Founder company of ‘big tobacco’, Phillip Morris are keen on the new treaty but do not see it as a “silver bullet for resolving this serious issue. Preventive measures not covered under today’s agreement, such as regulating the essential materials used to produce tobacco products, should be considered by governments in the national implementation of this protocol.”
Phillip Morris are well motivated to eradicate this trade because, while they have 7 of the top-selling 15 brands, they have calculated that the combined output of the ‘black’ tobacco suppliers makes that sector the third largest supplier overall.

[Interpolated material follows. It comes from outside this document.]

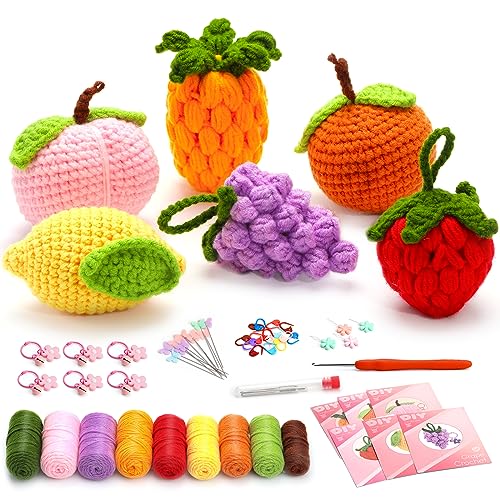 Apgooface Häkelset für Anfänger, einfaches Häkelset für Kinder und Erwachsene, Häkel-Starter-Set mit Schritt-für-Schritt-Video-Tutorials, DIY-Tierblumen-Häkelset mit Haken, Garn (Obst) von Apgooface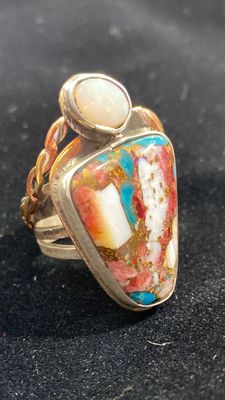 Mojave turquoise and opal with brass and silver bezel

The federal government is also highly motivated to eradicate this trade, not just because of foregone tax revenue but also because the money from the trade adds to the funds of criminal and terrorist organisations. So it is worldwide, that representatives from 170 nations, signed on to the FCTC treaty, which for the first time focuses on the supply pipeline rather than on demand for the contraband tobacco.
The head of the anti-tobacco efforts at the American based ‘Corporate Accountability International’ believes that this week’s protocol will help cut down tobacco use. He says in a statement. “This is a huge victory for public health. The illicit trade in tobacco flood’s markets with cheap unregulated tobacco products which make them more widely available to children and the poor.”
Before it can be put into action the treaty has to be ratified by over forty countries and this will take several years. Even then the effectiveness of the measure will not become obvious, if at all for another decade after that.